Community Blog Application of Machine Learning in Traffic Sign Detection and Fine-grained Classification

Application of Machine Learning in Traffic Sign Detection and Fine-grained Classification

This article describes the application of machine learning in map data generation and traffic sign recognition for AMAP.

In today's digitally connected world, maps are an essential part of everyday life, and data is indispensable for map services. Dynamic map services provide users direct and explicit access to smart features supported by a large amount of data.

In the nascent stages of map services technology, data was collected from a range of specialties via tools such as vehicles, bicycles, airplanes, and satellite images. In the last two years, map data is being collected through crowdsourcing via intelligent hardware. The collected data is then updated at unprecedented speed and with unparalleled accuracy. Rapid changes on the ground are driving users to increasingly depend on map services apps. With the growing demand for map services, map companies focusing on superior user experience prioritize the need for speed and accuracy of updating data as the key objective. The first step in the direction of effective data update is traffic sign detection.

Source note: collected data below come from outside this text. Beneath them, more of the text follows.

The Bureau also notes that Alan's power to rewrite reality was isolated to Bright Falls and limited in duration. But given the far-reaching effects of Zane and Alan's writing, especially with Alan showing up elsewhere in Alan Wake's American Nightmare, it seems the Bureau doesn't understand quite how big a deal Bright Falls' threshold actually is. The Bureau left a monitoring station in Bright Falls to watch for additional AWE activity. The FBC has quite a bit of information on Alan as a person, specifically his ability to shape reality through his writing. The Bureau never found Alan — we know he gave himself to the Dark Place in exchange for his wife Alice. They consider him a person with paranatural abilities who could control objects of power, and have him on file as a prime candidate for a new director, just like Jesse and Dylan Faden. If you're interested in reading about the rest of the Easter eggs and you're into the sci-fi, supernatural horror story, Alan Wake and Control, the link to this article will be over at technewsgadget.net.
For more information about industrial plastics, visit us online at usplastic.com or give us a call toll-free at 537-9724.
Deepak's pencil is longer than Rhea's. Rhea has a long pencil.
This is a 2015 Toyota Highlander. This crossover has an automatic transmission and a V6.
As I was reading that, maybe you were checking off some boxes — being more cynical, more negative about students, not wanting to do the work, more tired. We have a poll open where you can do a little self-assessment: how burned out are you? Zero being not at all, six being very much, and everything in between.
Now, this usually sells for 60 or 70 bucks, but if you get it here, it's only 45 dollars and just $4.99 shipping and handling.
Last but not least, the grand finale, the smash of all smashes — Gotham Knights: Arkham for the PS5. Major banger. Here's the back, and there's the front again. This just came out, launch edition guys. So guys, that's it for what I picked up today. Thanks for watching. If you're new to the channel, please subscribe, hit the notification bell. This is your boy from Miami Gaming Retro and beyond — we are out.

This article describes the application of machine learning in map data generation for AMAP. The technical solutions and designs outlined below are verified and have accomplished great results. Additionally, these solutions ensure a basic technical guarantee for the rapid update of AMAP data.

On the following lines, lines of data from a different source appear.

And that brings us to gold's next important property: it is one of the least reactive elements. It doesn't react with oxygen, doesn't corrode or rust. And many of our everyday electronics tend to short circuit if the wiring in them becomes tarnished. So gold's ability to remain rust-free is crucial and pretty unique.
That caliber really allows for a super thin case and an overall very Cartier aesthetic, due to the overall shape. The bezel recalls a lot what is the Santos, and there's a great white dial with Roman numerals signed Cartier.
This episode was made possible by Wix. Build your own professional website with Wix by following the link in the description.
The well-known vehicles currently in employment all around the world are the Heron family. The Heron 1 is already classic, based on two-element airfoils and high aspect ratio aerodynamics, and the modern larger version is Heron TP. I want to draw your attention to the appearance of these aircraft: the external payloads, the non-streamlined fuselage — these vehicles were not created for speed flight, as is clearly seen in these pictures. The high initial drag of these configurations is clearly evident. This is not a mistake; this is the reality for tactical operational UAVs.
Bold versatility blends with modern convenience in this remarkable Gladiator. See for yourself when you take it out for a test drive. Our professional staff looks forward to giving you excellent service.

What Is Traffic Sign Detection?

It is the process of automatically detecting traffic signs, such as speed limit signs, U-turn prohibition signs, crosswalk signs, and electronic eyes, in images of street scenes. These detection results are delivered to a production process for generating map data for map services users

Challenges in Traffic Sign Detection

The key challenges of traffic sign detection include the complexity of the forms of traffic signs and the susceptibility to the natural environment during the shooting process. Traffic sign detection has strict requirements for algorithm performance to achieve fast data updates and high data accuracy. Let's deep dive to understand specific challenges:

1. Vast Variations in Sample Forms

Traffic signs vary hugely in the following aspects:

  • Diverse Types: Traffic signs are classified into hundreds of categories according to national standards.
  • Diverse Forms: The common forms of traffic signs include triangle, circle, square, diamond, and octagon. The physical facilities of traffic signs include ground markings, electronic eyes, traffic lights, height limit poles, and fences.
  • Extensive Color Distribution: The common colors of traffic signs include yellow, red, blue, green, black, and white.
  • Huge Image Size Differences: The sizes of traffic sign images range from hundreds of pixels (such as square plates and crosswalk signs) to dozens of pixels (such as electronic eyes).

Figure 1: Common Traffic Signs (Signage)

2. Susceptibility to Changes under Natural Conditions

Traffic signs may either be obstructed by vehicles or trees or worn out under natural conditions. Secondly, image collection may be affected by the weather or the season, resulting in blurred images and color distortion.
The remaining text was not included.